Comptes rendus
CR
Richard Sharpe, Libraries and Books in Medieval England. The Role of Libraries in a Changing Book Economy
Édité par James Willoughby : Oxford, Oxford University Press, 2023, 192 pages, 16,5 x 24 cm [120 $] — ISBN : 9781851246014
Tiré de la série des Lyell Lectures donnés par Richard Sharpe à Oxford au cours de l’année universitaire 2018-2019, cet ouvrage représente un des derniers apports de ce spécialiste reconnu de l’histoire du livre médiéval avant sa mort l’année suivante. La préparation de l’édition fut assurée in memoriam par James Willoughby qui signe également la préface. Sharpe s’appuie sur une vie de recherche dans ce domaine pour nous livrer une vue d’ensemble de la création, de l’évolution et, souvent, de la disparition des bibliothèques au cours de la période médiévale. Pour cela, il se repose avant tout sur la somme de Neil Ker, Medieval Libraries of Great Britain et l’engouement que cette publication a suscité pour la question des provenances dans le monde anglophone. Le travail de Ker fut numérisé et transformé en base de données régulièrement mis à jour, et Sharpe lui rend un hommage appuyé dans le premier chapitre de ce livre. Il est ainsi en mesure d’offrir une cartographie du livre médiéval en Angleterre qui souligne la dispersion harmonieuse des volumes à travers le pays. Leur survie privilégie, en revanche, clairement l’ordre bénédictin : plus de la moitié des livres qui sont parvenus jusqu’à nous étaient conservés dans les abbayes de cet ordre. Aux provenances de ces ouvrages, l’auteur associe l’analyse des catalogues et inventaires anciens composés principalement entre les xiiie et xve siècles.
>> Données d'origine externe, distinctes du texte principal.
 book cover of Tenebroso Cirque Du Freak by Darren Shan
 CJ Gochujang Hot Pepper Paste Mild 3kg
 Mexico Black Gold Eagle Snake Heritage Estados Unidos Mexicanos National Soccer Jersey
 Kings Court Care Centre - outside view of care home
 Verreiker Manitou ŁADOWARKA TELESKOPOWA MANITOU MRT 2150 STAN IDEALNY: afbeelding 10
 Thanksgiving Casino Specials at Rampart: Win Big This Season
À cette approche quantitative, Sharpe ajoute une réflexion qualitative pour comprendre l’origine des livres dans ces collections. La question de la production des livres et des scriptoria est évoquée et le porte à conclure qu’au cours de ces siècles beaucoup plus de livres appartenaient initialement à des individus qu’à des institutions. Leur présence aujourd’hui dans des bibliothèques institutionnelles soulève le problème du mouvement des livres et, dans le contexte des bibliothèques, de ce qu’il qualifie de turnover des collections. Sharpe note l’importance des ventes, parfois à d’autres institutions, et des acquisitions. Il identifie aussi des indices plus subtils tels que l’attribution d’anciennes cotes à de nouveaux volumes dans la bibliothèque abbatiale de Syon – en concluant au réemploi des précédents volumes comme parchemin de rebut. Il souligne aussi que ces changements ne sont pas forcément textuels : dans les collèges, il note que des versions plus récentes se substituent à des exemplaires plus anciens des mêmes textes.
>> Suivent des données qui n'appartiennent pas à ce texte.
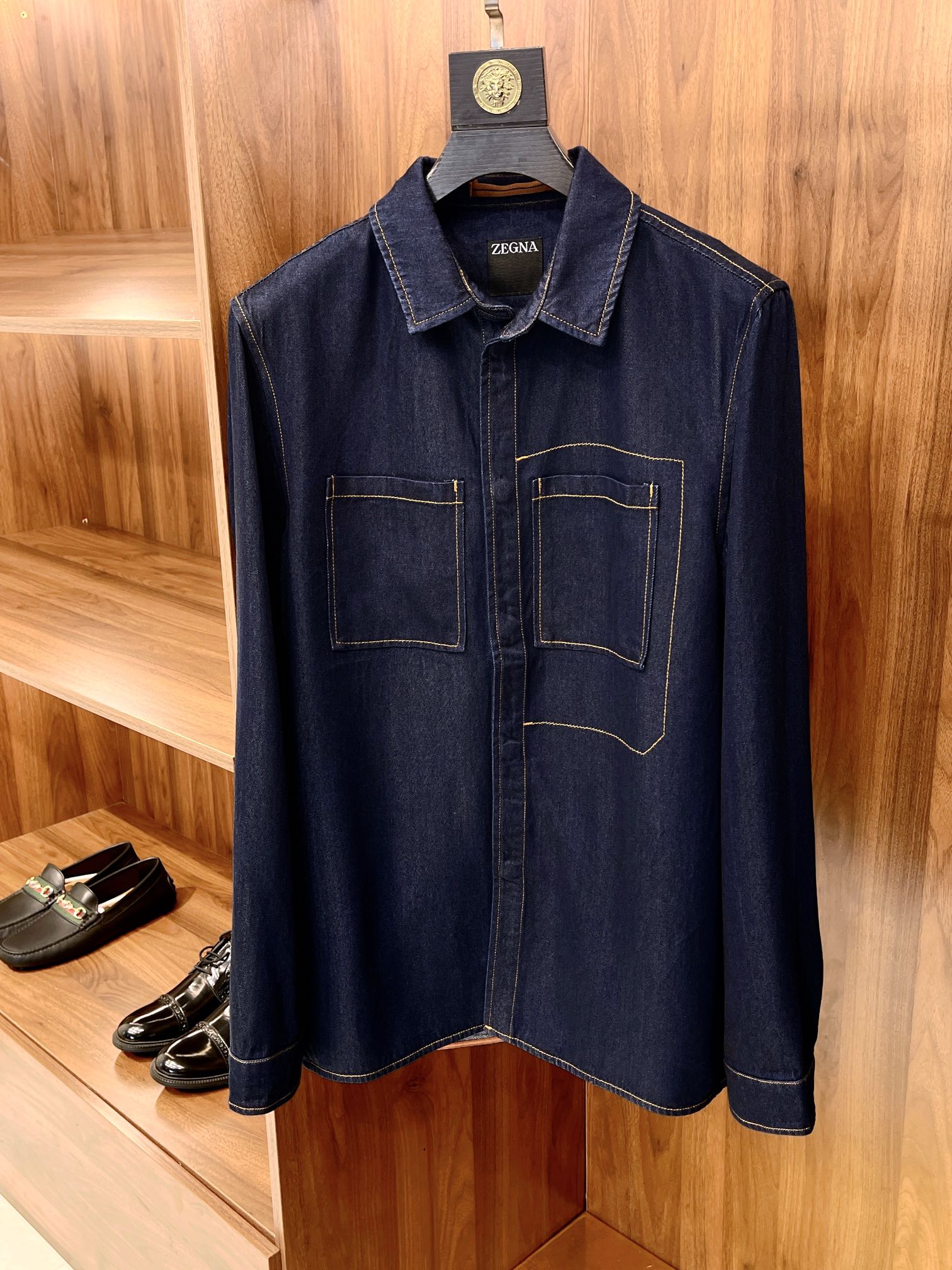 제냐 Zegna 데님자켓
L’envergure chronologique permet à Sharpe de considérer l’évolution des bibliothèques. Les collections se développèrent considérablement au xiie siècle alors que Londres émerge déjà comme le centre de l’économie du livre en Angleterre au xiiie siècle. Les bibliothèques bénédictines semblent connaître leur apogée au xive siècle, alors que celles des collégiales continuèrent de croître. Portant sa réflexion jusqu’au xvie siècle, il évoque la dissolution des monastères qui eut lieu à un moment où les bibliothèques institutionnelles peinaient à survivre. Elle fut à l’origine de nombreuses pertes, mais n’affecta qu’indirectement les collections universitaires qui pourtant furent victimes d’un véritable désintérêt. Remplies de livres « inutiles », les collections souffrirent de leur obsolescence. Il conclut que l’imprimé enleva aux bibliothèques médiévales leur raison d’être.
Sharpe offre ainsi une vision large de la nature et de l’évolution des bibliothèques, issue de décennies de recherches mais sans négliger l’historiographie et les outils les plus récents. L’auteur ne recule pas devant les difficultés ou l’interprétation même lorsqu’elle doit nécessairement être quelque peu spéculative. Il propose trois grandes leçons à retenir : la nature protéiforme des bibliothèques médiévales, leur aspect et contenu changeants ainsi que leur appartenance à un contexte plus large de l’économie du livre de leur temps. Le résultat est un livre accessible et clair, présentant le sujet d’une manière analytique et dont la lecture continument intéressante peut être largement recommandée.